As it turned out, this day would be anything by typical.

According to the group’s website, a man in the crowd who had initially pretended to be a guest but who was later identified as the lead deputy, Jeff McCoy, stood up at a designated time and blocked all ingress and egress from the rented room with the help of “armed and threatening” police.

McCoy allegedly allowed in armed and armored force from the Bryan Police Department, the Brazos County Sheriff’s Office, the Kerr County Sheriff’s Office, Texas District Attorney’s office agents, the Texas Rangers, the FBI, and the U.S. Marshalls. It was estimated that 20 officers in all entered the room where the 60 attendees were gathered.

FBI in Texas

The “crime,” was set forth in a warrant issued by 216th District Court Judge N. Keith Williams of Kerr County.
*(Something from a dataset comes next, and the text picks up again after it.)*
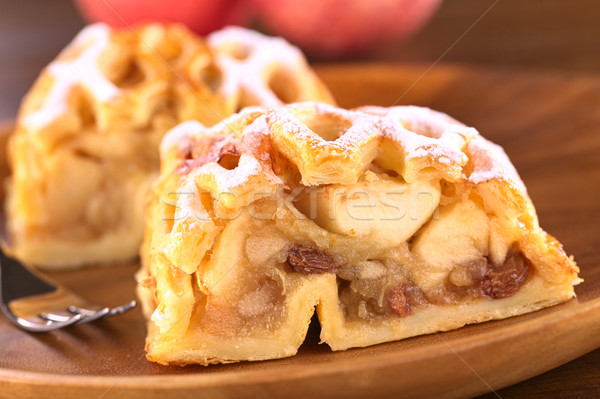 Stock photo: Apple Strudel with Raisins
The judge alleged that an unauthorized summons had been issued by the Republic of Texas when the group’s International Common Law Court had issued writs for the appearance of Melvin Rex Emerson, Jr., Court Administrator in Kerr County, according to the group’s website.

As a result, all 60 attendees were allegedly searched, fingerprinted, and had their cellphones, iPads, laptops, business papers, Republic of Texas paperwork, coinage of precious metals, and recording equipment seized by the mostly armed officers who wore bulletproof vests.
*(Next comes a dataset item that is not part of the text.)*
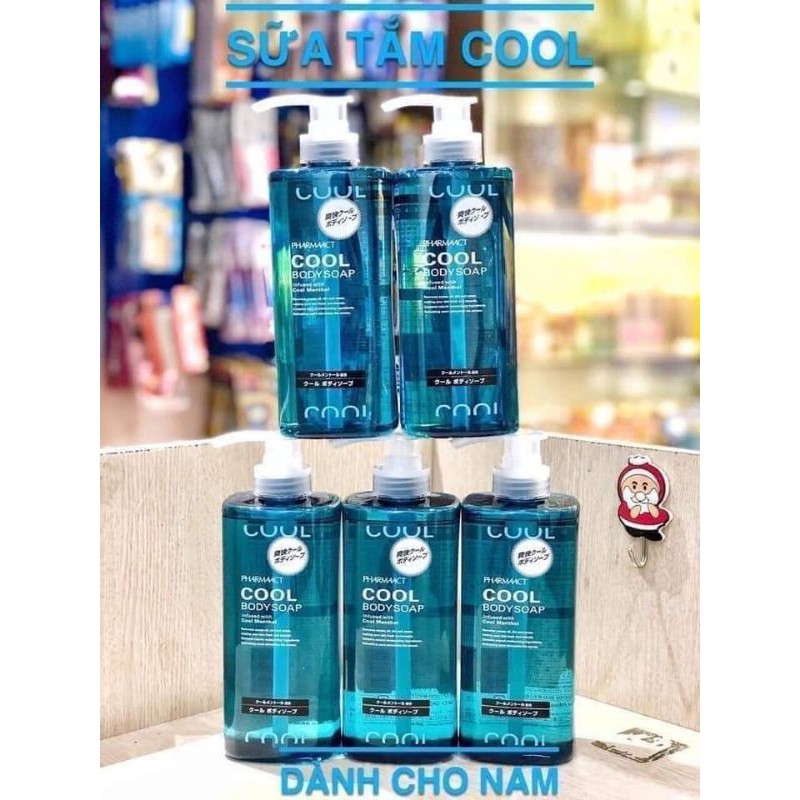 [Chính Hãng] Sữa Tắm Nam COOL BODY SOAP PHARMACT Nhật Bản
The group claims that most of its attendees that day were “seniors of respected middle-class business, farming, broadcasting, engineering, scientific, health, veterans, and faith-based backgrounds.”

The group reportedly asked several times for a copy of the warrant before complying with requests but were denied access to it. The group alleges that they were told the warrant would be made available “after” the investigation and that the warrant subsequently “surfaced unannounced on the main table.”

Additionally, the group claims that the warrant was given to the Post Commander of the VFW with directions not to copy the warrant or divulge the contents to anyone.

dontmesswithtxThe group believes they are legally working through world courts to get international recognition of an independent Texas. The police task force disagrees.

“You can’t just let people go around filing false documents to judges trying to make them appear in front of courts that aren’t even real courts,” said Kerr County sheriff Rusty Hierholzer, who led the operation.

Hierholzer acknowledged he used a “show of force,” grouping officers from city, county state and federal law enforcement to serve a search warrant for suspicions of a misdemeanor crime. He said he had worries that some extremists in the group could become violent, citing a 1997 incident when 300 state troopers surrounded an armed Republic leader for a weeklong standoff.

The 1997 incident to which Hierholzer referred, allegedly involved a Texas separatist from Missouri, Richard McLaren, and “his little band of home invaders and hostage takers” who subsequently faced an array of state and federal charges. Such allegations have not be leveled against The Republic of Texas.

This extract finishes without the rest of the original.